First, the agency, unlike the city, will not have to sell the property to the highest bidder. Instead, it will also look at the bidder’s plan to renovate the property, giving well-intended people who may have less money a chance to buy. This means that qualified South Side residents who couldn’t afford the higher prices may still win an auction based on their plan to, for instance, tend and rehab a lawn or build a driveway.
“We can look at each proposal separately and say, ‘What does this person wish to do with this property?’ We can then more properly unload property that is tax-delinquent or code-violated but the city never had the stomach to take it from the owner,” Driscoll said.
The new arrangement will allow the agency to take property back if the new owner doesn’t begin to revitalize it within a certain amount of time — something the city couldn’t do — to ensure properties improve.
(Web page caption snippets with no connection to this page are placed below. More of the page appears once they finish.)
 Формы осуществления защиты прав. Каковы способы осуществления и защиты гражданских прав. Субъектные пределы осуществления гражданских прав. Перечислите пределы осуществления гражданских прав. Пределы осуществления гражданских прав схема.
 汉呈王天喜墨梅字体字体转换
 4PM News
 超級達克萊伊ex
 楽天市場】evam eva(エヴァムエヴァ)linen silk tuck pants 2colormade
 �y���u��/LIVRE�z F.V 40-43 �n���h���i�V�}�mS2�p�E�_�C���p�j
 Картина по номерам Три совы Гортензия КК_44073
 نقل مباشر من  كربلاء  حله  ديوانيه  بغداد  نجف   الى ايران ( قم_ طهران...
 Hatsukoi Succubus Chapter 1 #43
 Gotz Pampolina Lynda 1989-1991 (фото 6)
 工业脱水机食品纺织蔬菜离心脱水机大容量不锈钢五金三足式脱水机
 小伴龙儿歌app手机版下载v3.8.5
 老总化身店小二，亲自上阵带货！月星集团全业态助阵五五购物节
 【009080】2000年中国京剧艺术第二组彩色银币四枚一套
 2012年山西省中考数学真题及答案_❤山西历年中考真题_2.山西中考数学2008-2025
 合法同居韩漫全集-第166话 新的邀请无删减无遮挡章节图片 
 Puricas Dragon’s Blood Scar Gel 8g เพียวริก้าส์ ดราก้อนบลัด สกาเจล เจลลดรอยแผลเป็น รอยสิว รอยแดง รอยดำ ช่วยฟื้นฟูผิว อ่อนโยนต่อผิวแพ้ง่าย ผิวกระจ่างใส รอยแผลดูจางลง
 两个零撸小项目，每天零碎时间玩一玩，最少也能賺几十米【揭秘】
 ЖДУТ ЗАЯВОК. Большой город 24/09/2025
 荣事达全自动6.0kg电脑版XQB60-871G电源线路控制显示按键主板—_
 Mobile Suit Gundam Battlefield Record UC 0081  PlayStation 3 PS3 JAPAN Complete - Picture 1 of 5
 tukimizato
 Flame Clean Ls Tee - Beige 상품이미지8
The second big change will be that the agency will use nonprofit neighborhood developers, like Home HeadQuarters or Jubilee Homes, in a new role: to look at the needs of entire neighborhood blocks, house by house, so they can explain to the city exactly what should be done to rehab the entire area.
“That’s what we think these neighborhood groups are best at. Their boards are made up of neighborhood residents, so they should know better than the city what the nuances of a block or area are,” Driscoll said. “If five houses need gut rehabs and two need to come down and one needs to be built and we need to subdivide some land into performing property, that’s what we want to know. We want to know the whole plan.”
This block-level approach will prevent the city from repeating mistakes it has made in the past — in particular, revitalizing individual houses that were next to properties so worn down they greatly reduced the new buildings’ value before anyone even moved in.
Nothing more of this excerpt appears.